SSRIs should be used with caution as a treatment for bipolar disorder as they may exacerbate rapid mood cycling.

Suicidality

In 2004, the FDA issued a boxed warning on SSRIs regarding their use in children and teens. A warning is still included in the package inserts for all antidepressants in common use, discussing the risk of suicidal thoughts, hostility, and agitation in children, teens, and young adults.

Anyone on antidepressants, particularly those under age 25, should be mindful of the potential for suicidal thoughts and actions, and seek help immediately if they notice signs or experience such thoughts.

Help Is Available

If you or someone you know are having suicidal thoughts, dial 988 to contact the 988 Suicide & Crisis Lifeline and connect with a trained counselor. If you or a loved one is in immediate danger, call 911.

Stopping Reuptake Inhibitors

You should not stop taking your medication abruptly or miss several doses.

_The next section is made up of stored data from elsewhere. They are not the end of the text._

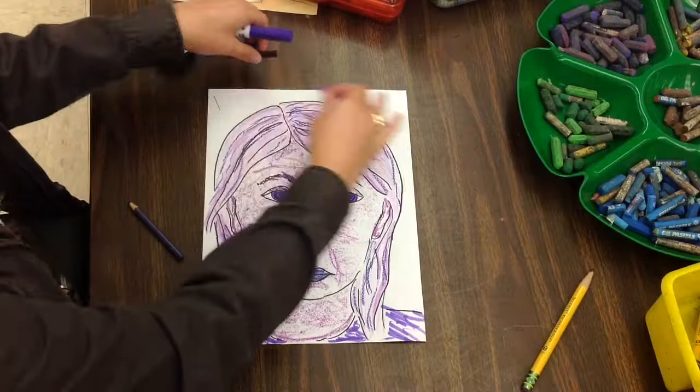Remember, I'm not coloring in the background yet — I'm just coloring in my face. I can't wait to see how your monochromatic portraits turn out. Thank you.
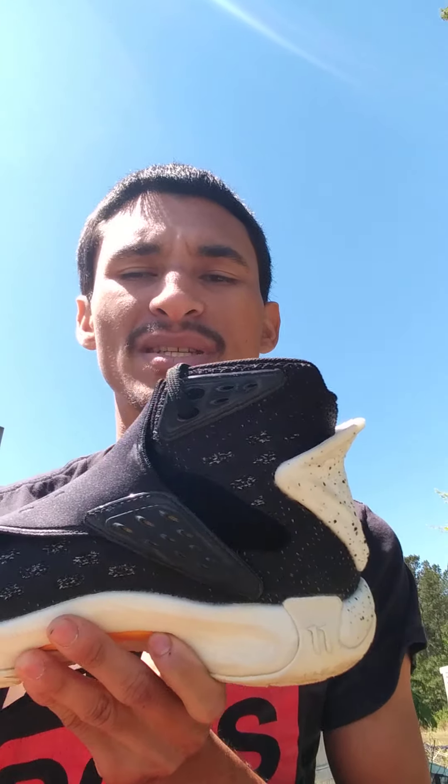The ankle support is really good — this is probably one of the best shoes I've had for ankle support in a good while. If you haven't seen my performance review on the Harden Volume 3, go check that out on the channel as well. This shoe is really good when it comes to ankle support, you don't have any problems. They do have a low-cut version of this, which I didn't get just because I have ankle problems. But other than that, really good shoe for ankle support.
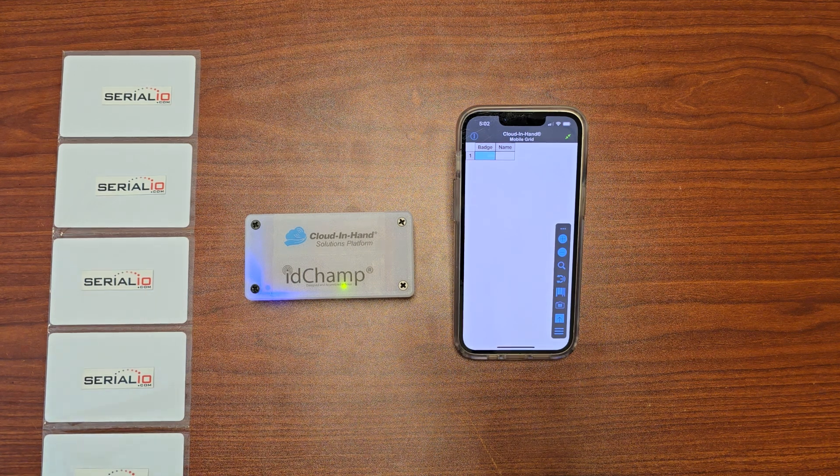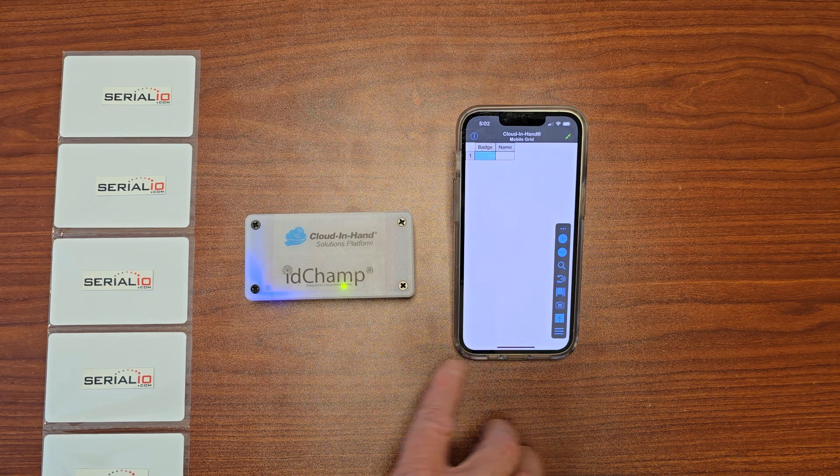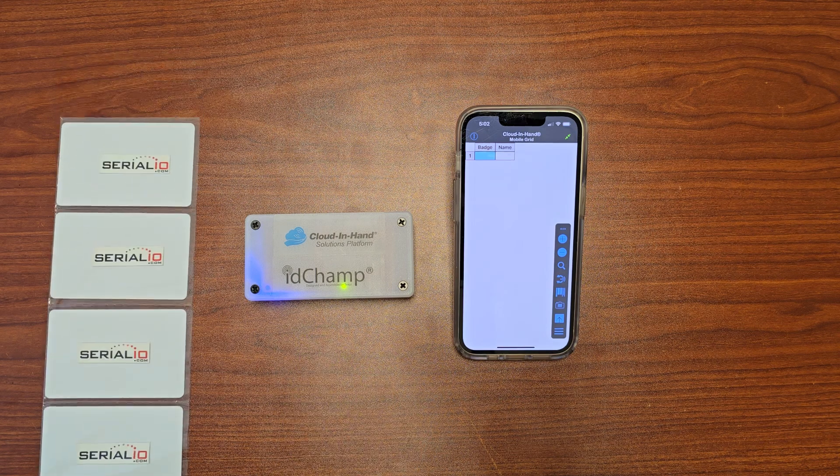You want to check people into your athletic game, business meeting, or other event and you want to do it fast. Here, we'll use the Cloud in Hand Mobile Grid app, wirelessly connected to the IDChamp RFID badge reader.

Doing so can cause unpleasant side effects.

It is important to discuss any changes, including stopping medication use, with your healthcare provider. If you want to stop taking your medication or change to a different one, always do so under the guidance of a healthcare provider who can help you wean off them safely.

Summary

SSRIs and SNRIs are medications that increase the levels of certain neurotransmitters in your brain. They are often prescribed to treat depression and other mental health conditions. 

SSRIs block the absorption of serotonin, while SNRIs block the absorption of serotonin and norepinephrine. SSRIs are usually prescribed first since they tend to have fewer side effects.

Talk to your healthcare provider about any side effects you might experience while taking these medications, and always follow your healthcare provider’s instructions for dosage. Don’t stop taking any of these medications without talking to your healthcare provider.